Bin Li1, Srinivasan Turuvekere, Manish Agrawal, David La, Karthik Ramani, Daisuke Kihara.   

Abstract

Experimentally determined protein tertiary structures are rapidly accumulating in a database, partly due to the structural genomics projects. Included are proteins of unknown function, whose function has not been investigated by experiments and was not able to be predicted by conventional sequence-based search. Those uncharacterized protein structures highlight the urgent need of computational methods for annotating proteins from tertiary structures, which include function annotation methods through characterizing protein local surfaces. Toward structure-based protein annotation, we have developed VisGrid algorithm that uses the visibility criterion to characterize local geometric features of protein surfaces. Unlike existing methods, which only concerns identifying pockets that could be potential ligand-binding sites in proteins, VisGrid is also aimed to identify large protrusions, hollows, and flat regions, which can characterize geometric features of a protein structure. The visibility used in VisGrid is defined as the fraction of visible directions from a target position on a protein surface. A pocket or a hollow is recognized as a cluster of positions with a small visibility.

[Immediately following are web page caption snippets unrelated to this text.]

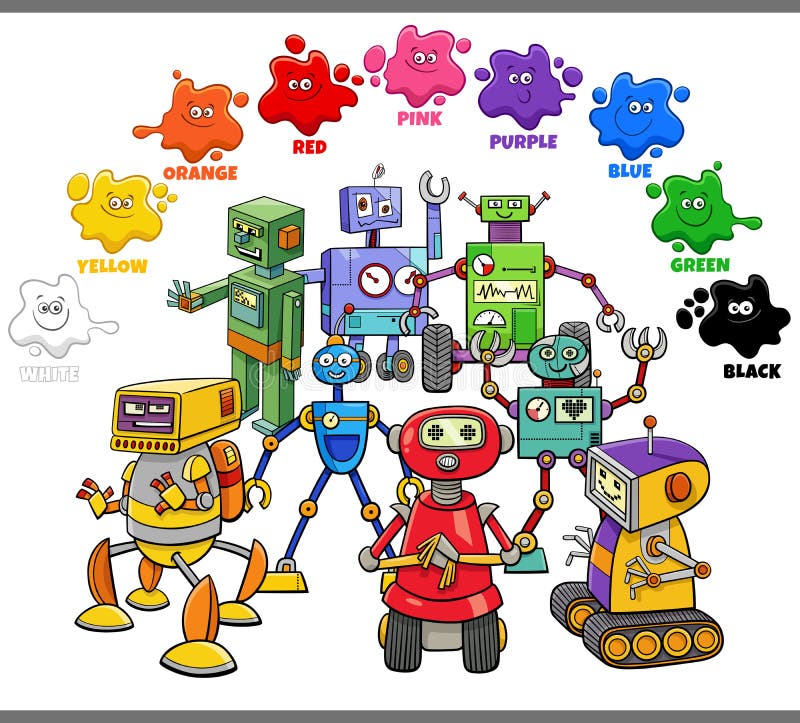 Basic Colors for Children with Group of Colorful Robots Stock Vector ...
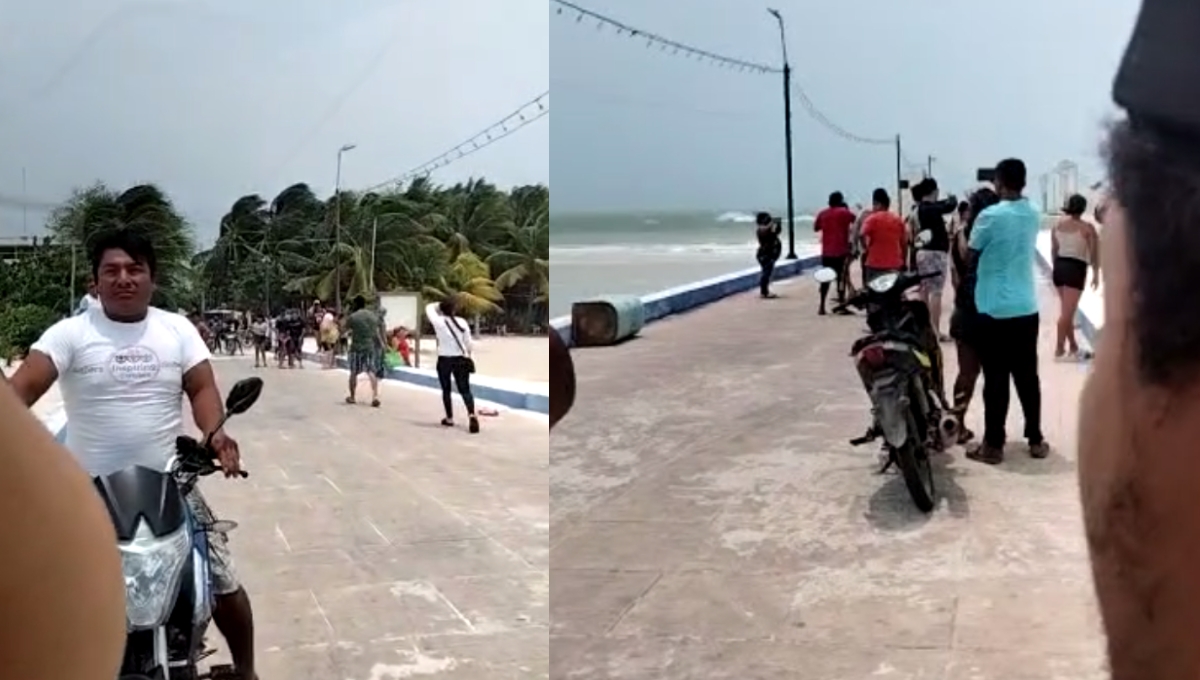 Pescadores y pobladores presencian el Cordonazo de la Santa Cruz en Celestún: VIDEO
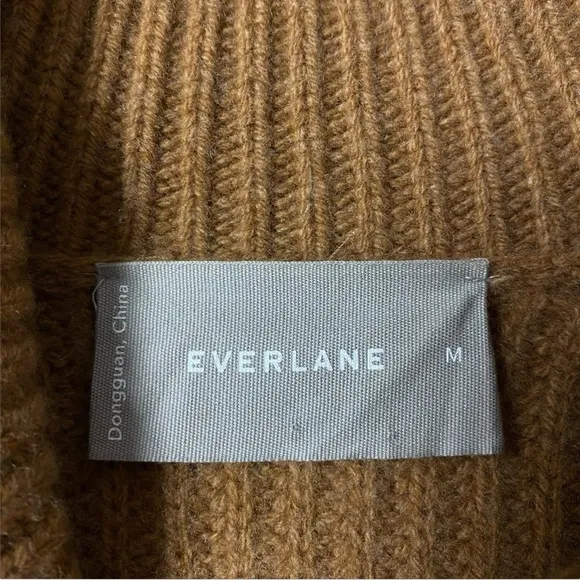 EVERLANE Felted Merino Shawl Collar Sweater in Camel Sz M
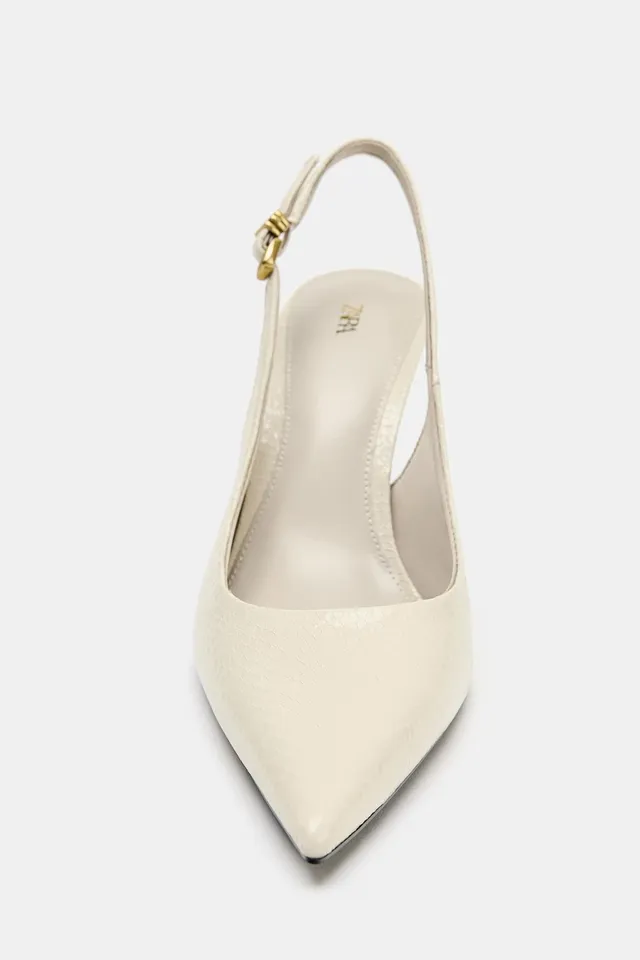 EMBOSSED HEELED SLINGBACK SHOES – image 5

A large protrusion in a protein structure is recognized as a pocket in the negative image of the structure. VisGrid correctly identified 95.0% of ligand-binding sites as one of the three largest pockets in 5616 benchmark proteins. To examine how natural flexibility of proteins affects pocket identification, VisGrid was tested on distorted structures by molecular dynamics simulation. Sensitivity decreased approximately 20% for structures of a root mean square deviation of 2.0 A to the original crystal structure, but specificity was not much affected. Because of its intuitiveness and simplicity, the visibility criterion will lay the foundation for characterization and function annotation of local shape of proteins.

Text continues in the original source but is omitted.